Configure Cloud Run services

This page provides an overview of configuration options for Cloud Run services. These configurations are listed in the order that they appear in the Google Cloud console when you are deploying a new service.

Configure service-level settings

Configure service-level settings, such as billing and scaling settings.

Billing

Use billing settings to control how you are charged, either per request and only when the instance processes a request, or for the entire lifecycle of the instance.

Service scaling

You can set your service to autoscaling or manual scaling, depending on how much control you need over your scaling behavior.

When using autoscaling, each Cloud Run revision is automatically scaled to the number of instances needed to handle all incoming requests, events, or CPU utilization. You can control how many instances your Cloud Run service creates to serve requests by setting maximum instances and minimum instances. You can avoid cold starts for your application and reduce application latency by setting a minimum number of instances.

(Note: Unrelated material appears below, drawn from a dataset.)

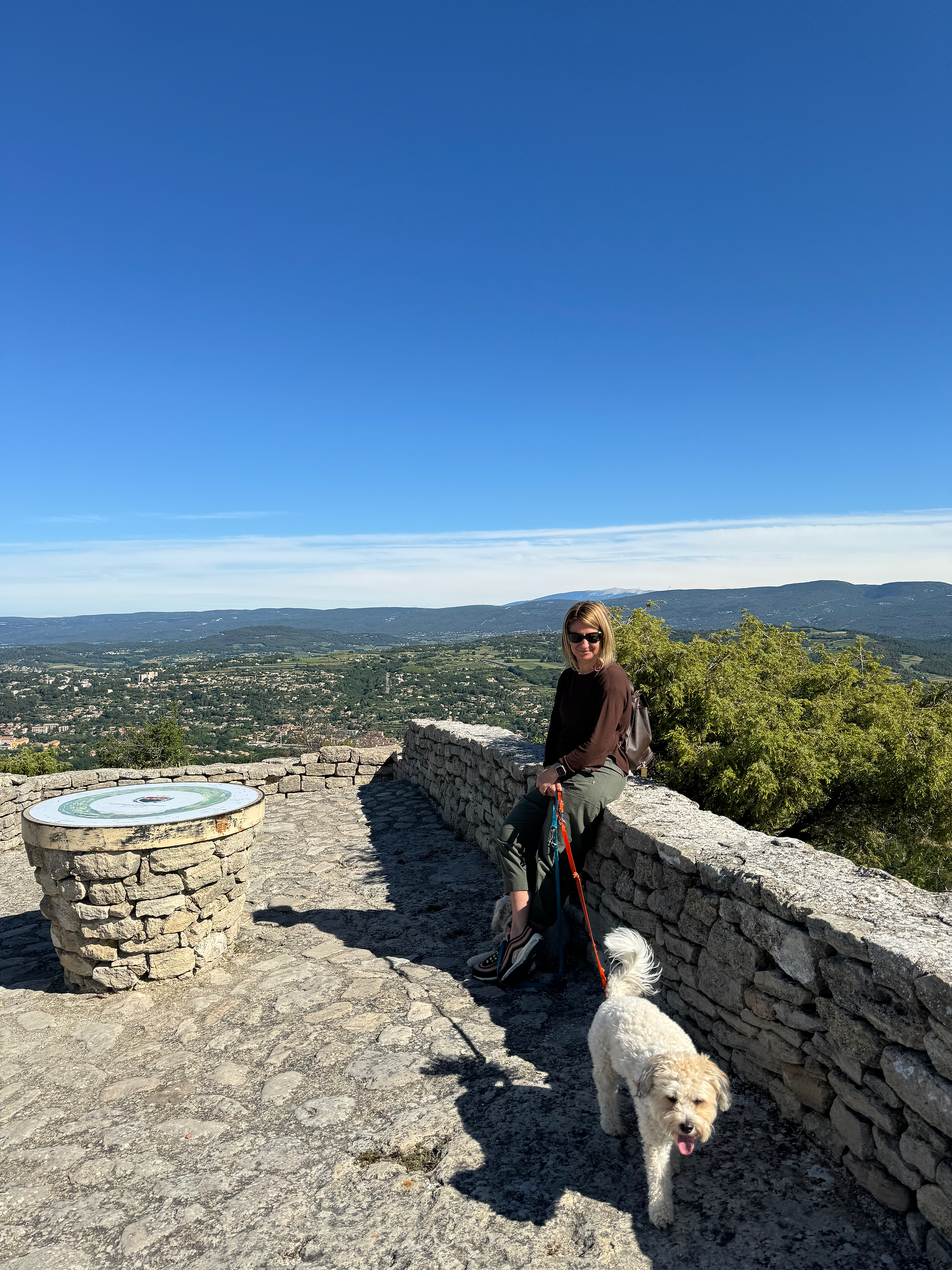 A woman looking at panorama in Saignon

Setting a maximum number of instances can help to curb costs and guard against abnormally high request levels.

Manual scaling lets you set a specific instance count, regardless of traffic or utilization, and without requiring redeployment. By default, Cloud Run automatically scales out to a specified or default maximum number of instances. However, for some use cases, you might want the ability to set a specific number of instances.

Containers: Setting

Customize your service by configuring the capacity, GPU, health checks, timeouts, and the execution environment.

Capacity

You can control the amount of memory and CPU a service can use.

GPU

If you need to host AI workloads, such as inference models and model training, you can configure Cloud Run services with or without GPU.

Health checks

Cloud Run lets you configure two types of health check probes. One of the probes determines when the containers is ready to accept traffic, and the other probe determines whether to restart the container. Learn more about container health checks.

Timeouts

You can set a Cloud Run request timeout that specifies the time within which a response must be returned.

Maximum concurrency

You can configure the maximum concurrent requests per instance. You can increase this to a maximum of 1000.

Execution environment

Cloud Run has two execution environments. Learn about the differences between both execution environments.

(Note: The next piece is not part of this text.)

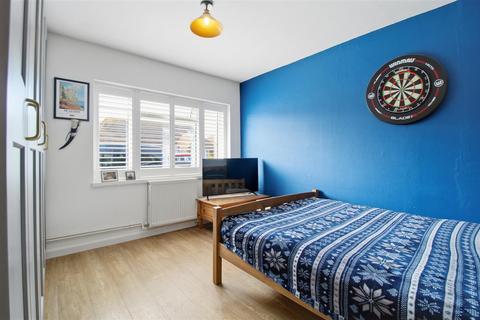 2 bedroom semi-detached bungalow for sale, Chyngton Avenue, Seaford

Containers: Variables & Secrets

Configure environment variables and secrets to securely manage your service.

Environment variables

You can create key-value pairs for use with your Cloud Run service. See Configure environment variables for services to learn more.

Secrets

You can use Secret Manager with your Cloud Run to securely store API keys, passwords, and other sensitive information. See Configure secrets to learn more.

Containers: Volumes mounts

Cloud Run volume mounts lets you access shared data stored in a local file system, such as a storage bucket or file server content, from your container. You can mount a Cloud Storage bucket, an NFS share like a Filestore instance, or an in-memory filesystem provided by Cloud Run.

Networking: Traffic splitting

Each time you deploy or redeploy a service, a new revision of the underlying Cloud Run service is automatically created. See Session affinity and traffic splitting for more details.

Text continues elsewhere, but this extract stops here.